Presented by: Tuo Liu

Tuo Liu ^*, Saba Mateen

Background, Objectives, and Research question: Automated Short Answer Grading (ASAG) is a field concerned with evaluating short answers written by students using various machine learning techniques. With the development of machine learning, several ASAG approaches have been proposed. According to prior surveys, an ASAG approach can be divided into two parts: language representation and learning algorithm. The choice of these two components can result in different theoretical underpinnings and use of information from short answers. To leverage the benefits of multiple approaches, ensemble methods that combine multiple approaches may lead to improved predictive performance than any one of the individual approaches alone.
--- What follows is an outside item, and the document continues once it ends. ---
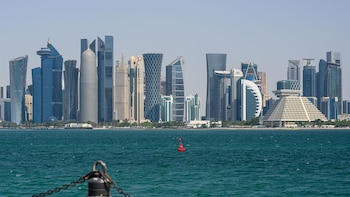 Qatar denuncia tres heridos, entre ellos un menor, durante los ataques iraníes de esta pasada noche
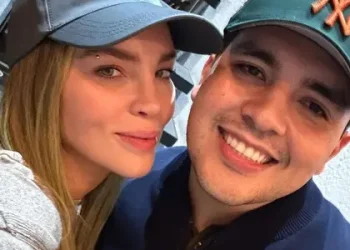 Vocalista de Marca Registrada se disculpa con Belinda por broma de Christian Nodal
This study presents a novel ensemble method based on the Continuous Response Item Response Theory (IRT) model, which has been commonly used in psychometrics to combine the ratings from multiple human experts, for integrating different ASAG approaches. Using the validation with an open-accessed dataset ASAP-SAS, the performance of this new ensemble method will be compared to existing ensemble methods and individual approaches.

Method: Specifically, this framework utilizes IRT to model the probabilities of predictive classification in each ASAG approach, taking into account the unique characteristics of each individual approach. The latent score of the IRT model is then utilized as the ensemble probability for final grading. The study will also compare three commonly used ensemble methods: majority voting, distribution summation, and the Generalized Many Facet Rasch Model(g-MFRM). The performance of these methods will be evaluated using two metrics: the Brier Score and Quadratic Kappa.

Selected individual approaches in ASAG: In this study, we aim to incorporate all possible combinations of several usually used language representations and learning algorithms. The language representations we plan to consider include: the Bag-of-Words model (n-gram), Distributed Representations (such as Neural Network-based approaches, like NNLM and RNNLM), and Pre-trained Models (word2vec, GloVe, BERT). The learning algorithms to be included in the study are Logistic Regression, Random Forest, and Multi-layer Perceptron (MLP). Additionally, pre-trained models like BERT can be added additional layers (fine-tune), combining language representation and learning algorithm into one model. This hybrid approach will also be considered as a separate category.

Expected results and implications: We expect that our new ensemble method will result in improved performance compared to the other ensemble methods and individual approaches, as indicated by higher scores on both evaluation metrics. Theoretically, this research attempts to combine the knowledge from both psychometrics and machine learning fields. The results of this study are expected to provide insights into the optimal integration of different language representations and learning algorithms for better predictive performance in the field of ASAG.